# PROBLEM TO WORK ON
Using the records that appear below, write out exactly the lines from the one with "6058 TECUMSEH ROAD East, Windsor" through the one with "mariés yixiao et", keeping both end lines.

# RECORD SET
_ _ _

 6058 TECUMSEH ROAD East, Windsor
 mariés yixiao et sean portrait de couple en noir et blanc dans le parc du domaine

_ _ _

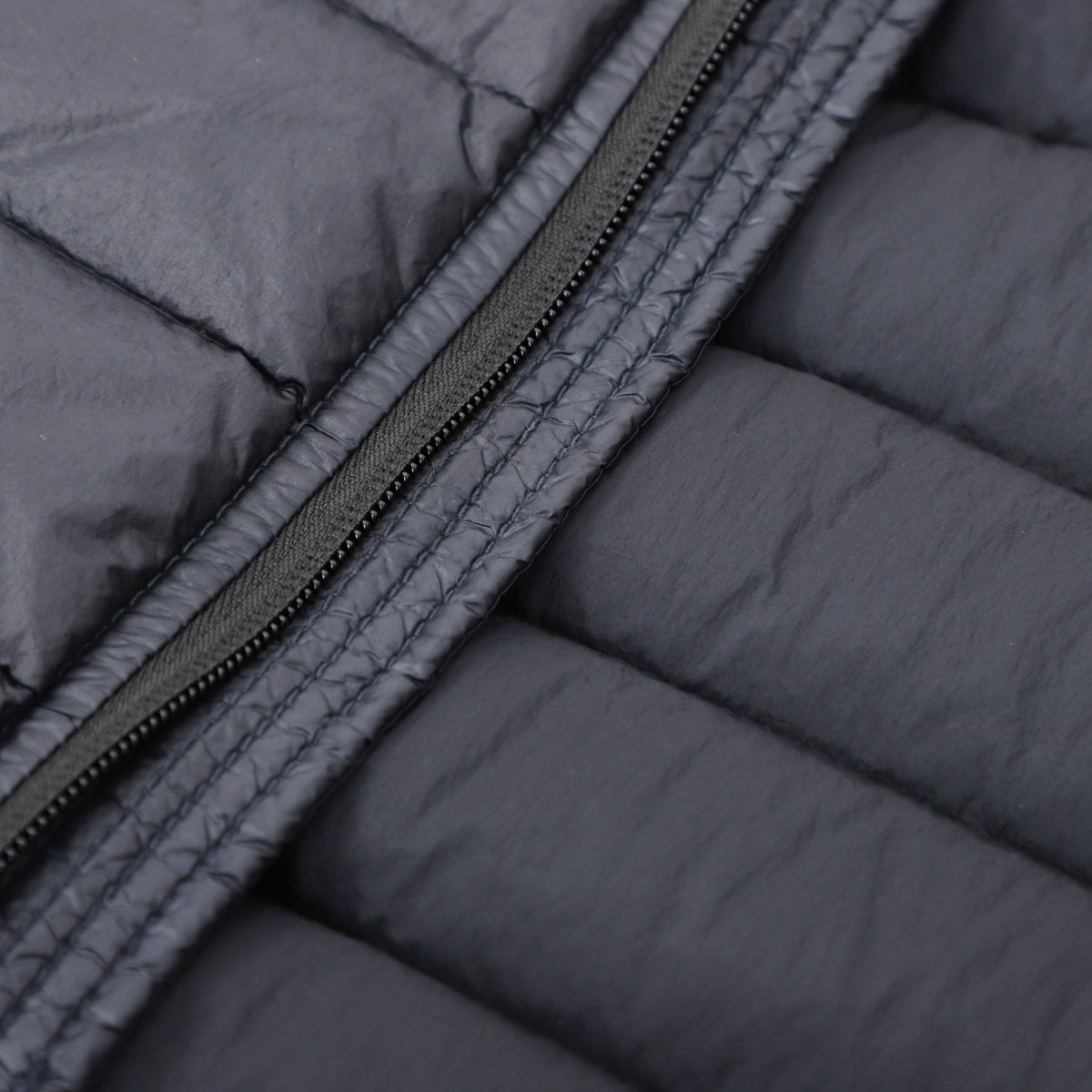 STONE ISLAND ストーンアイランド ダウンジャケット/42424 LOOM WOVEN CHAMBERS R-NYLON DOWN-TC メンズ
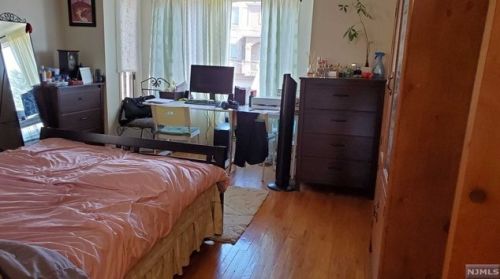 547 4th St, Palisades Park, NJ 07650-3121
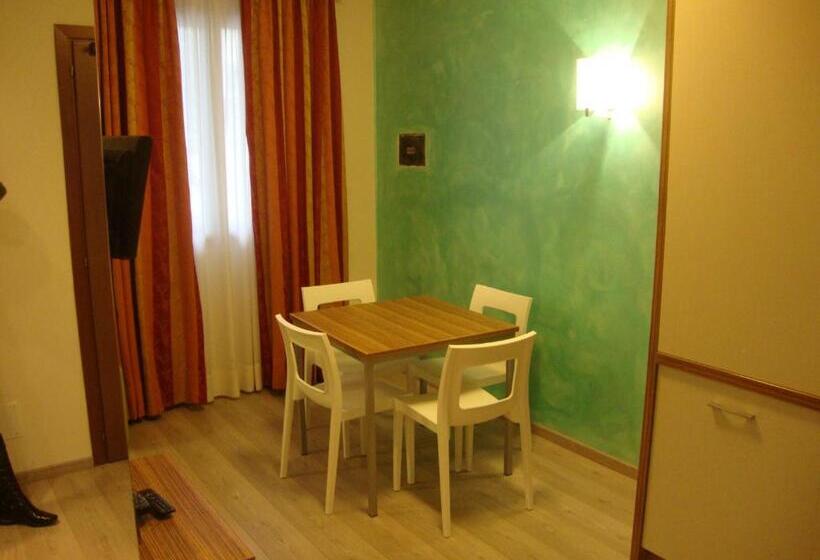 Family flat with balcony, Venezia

_ _ _

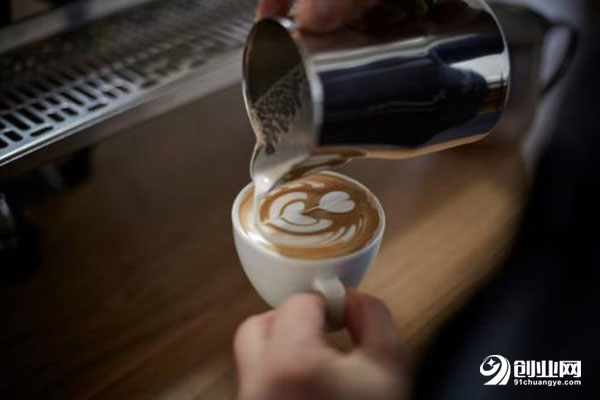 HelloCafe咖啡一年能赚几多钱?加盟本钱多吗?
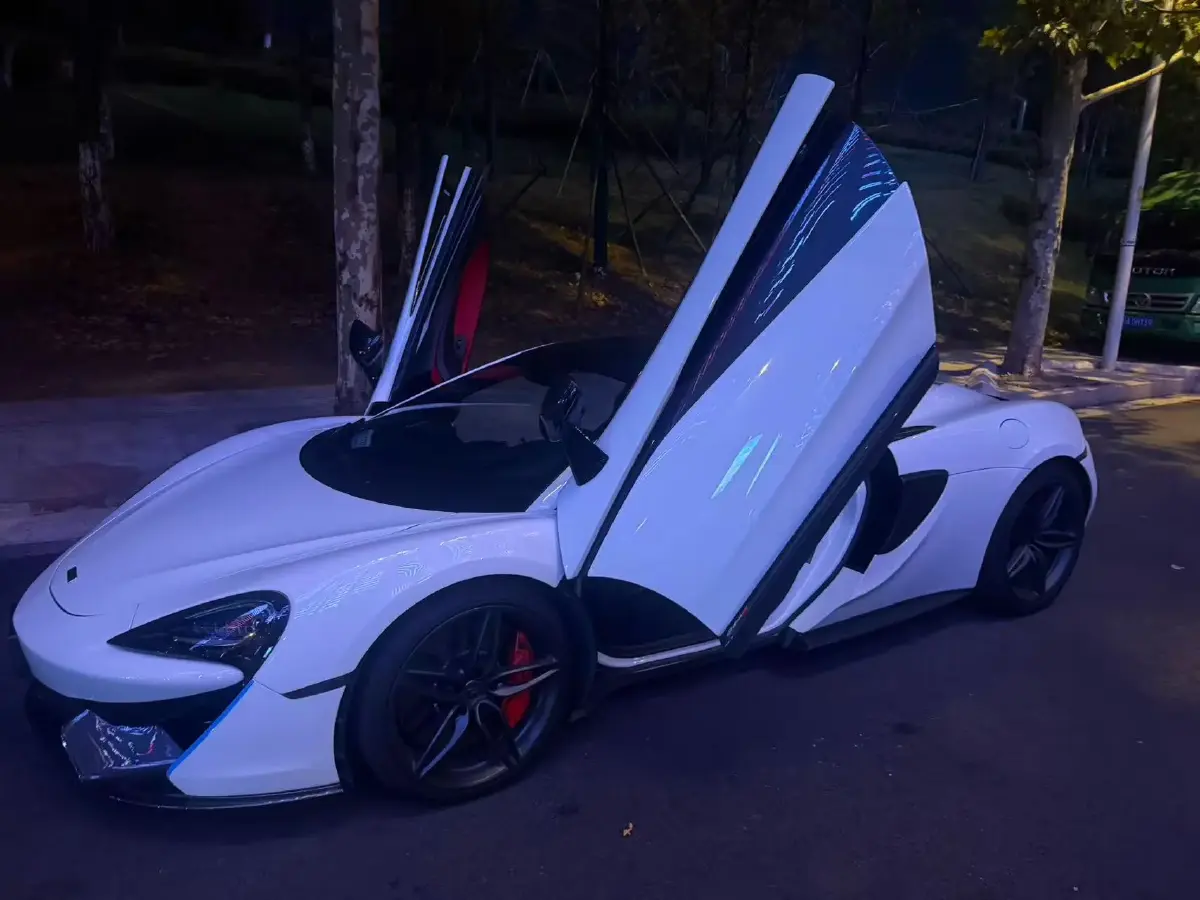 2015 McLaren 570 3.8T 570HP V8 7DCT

_ _ _

# RESULT OF THIS TASK
 6058 TECUMSEH ROAD East, Windsor
 mariés yixiao et sean portrait de couple en noir et blanc dans le parc du domaine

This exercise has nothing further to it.